By Hansen Varawalla, Co-Head Banking, Absa Corporate and Investment Bank

Africa has the potential to mirror the economic progress made by the Asian tigers more than a decade ago provided governments persist with economic and financial reforms, including investment in infrastructure and education. Regulatory and policy consistency will also be important as will be continued strengthening of institutional capacity, which is necessary for sustained growth.

For the more than a decade, China and India (and in years prior, the so-called “Asian tigers”) have experienced sustained growth rates supported by economic reforms and international investment, which lifted an estimated 1 billion people out of poverty. Similar to Africa, these countries also have a young, growing population that offers a large workforce and a potential market, both of which were attractive to financial and industrial investors.

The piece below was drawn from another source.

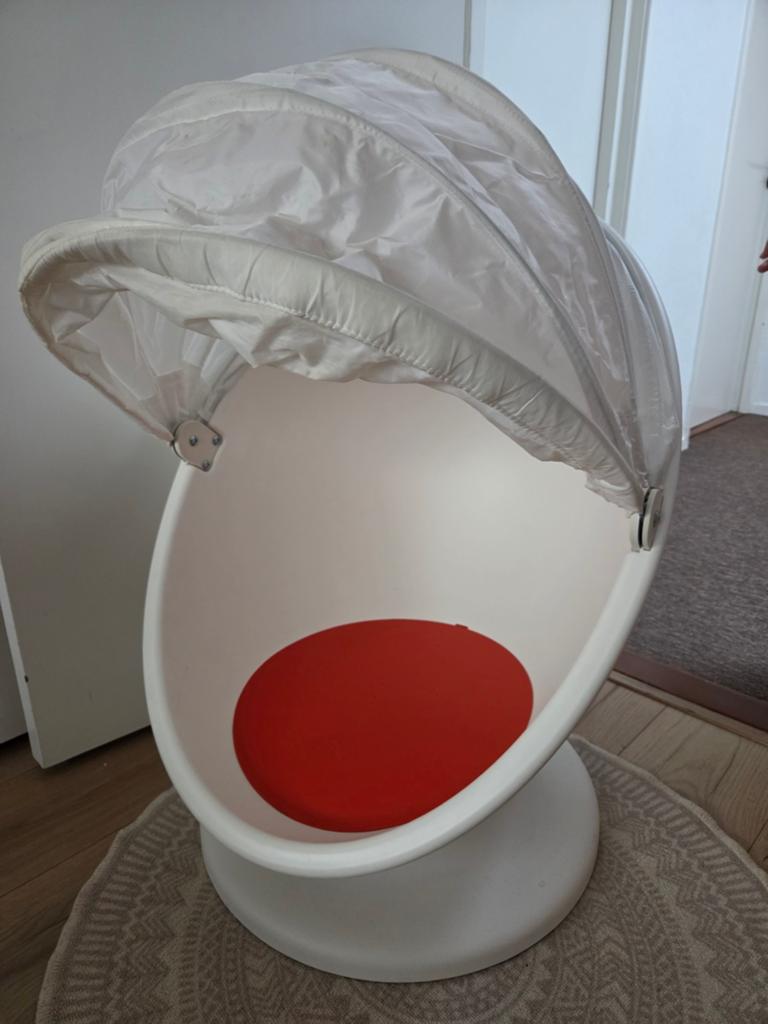 Ikea Ei Stoel Lömsk, Huis en Inrichting, Stoelen, Stof, Gebruikt, Wit, Ophalen of Verzenden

For some years now, Africa has demonstrated evidence of possessing all the necessary ingredients required to make the continent an economic success. Aside from its much spoken of natural bounty of resources and arable land in its favour, Africa has a large young population with more than 60% of the population is under 35. This alone makes Africa the biggest source of potential people power for the jobs of the future.

As an example, as China continues to grow economically, alongside demographic changes in that country, it is estimated that 80 million jobs will need to be exported by 2030. Africa could well be a natural home for this. Alongside becoming more integrated in global supply chains and the concomitant economic growth, these jobs will lead to rising income levels that will make Africa an increasingly exciting growth opportunity across large corporates and multinationals seeking to diversify geographical and market reach.

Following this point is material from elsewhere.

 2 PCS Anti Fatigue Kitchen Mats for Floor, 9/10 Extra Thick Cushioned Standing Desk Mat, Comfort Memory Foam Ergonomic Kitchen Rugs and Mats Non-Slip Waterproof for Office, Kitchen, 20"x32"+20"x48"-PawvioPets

However, in order to exploit these opportunities, we need to ensure sustainability of current economic and financial reforms, as well as policy and regulatory certainty. Greater investment should be made in the education sector, particularly focusing on technology, which will increasingly play a major role in training the workforce of the future.

Africa needs the policies to make it an attractive investment destination.  Special Economic Zones were used very effectively in some countries at a similar stage of development. Developing stock exchanges and financial infrastructure is essential for attracting portfolio investments.  Africa also needs to increase it savings rate alongside creating the products and services to catalyze these into productive investments.

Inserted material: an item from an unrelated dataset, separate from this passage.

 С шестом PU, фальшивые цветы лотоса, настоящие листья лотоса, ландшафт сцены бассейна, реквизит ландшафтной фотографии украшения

In this respect, Absa Corporate and Investment Bank sees itself continuing to play a leading and important role in helping Africa reach its potential. We have advised investors such as Berkshire Partners in their investment into Teraco, the leading provider of collocation data center infrastructure in Africa. Our financing support of the Teraco business commenced in December 2014 and since then the business has multiplied its capacity by over six times.

The African consumer growth story is still playing out.  We have, in East Africa, advised on the sale of a leading FMCG business to global multinational and continue to work across a number of promising strategic opportunities across this region.

Critical to Africa’s growth is the development of its domestic capital markets. We advised on the listing of Vodacom Tanzania on the Dar es Salam stock exchange in the largest ever IPO in that country. Forty thousand retail investors, many of them investing in equities for the first time, participated in that IPO.

The public policy objectives of Black Economic Empowerment are critical to the inclusive economic growth agenda of South Africa.  We advised on the largest such transaction in the ICT sector acting for Yebo Yethu in relation to Vodacom.

We have the expertise, including in-country presence and knowledge, to help large corporates and global companies to identify investment opportunities, and raise capital. Looking ahead, we see ourselves building on these capabilities to help Africa achieve its ambitions.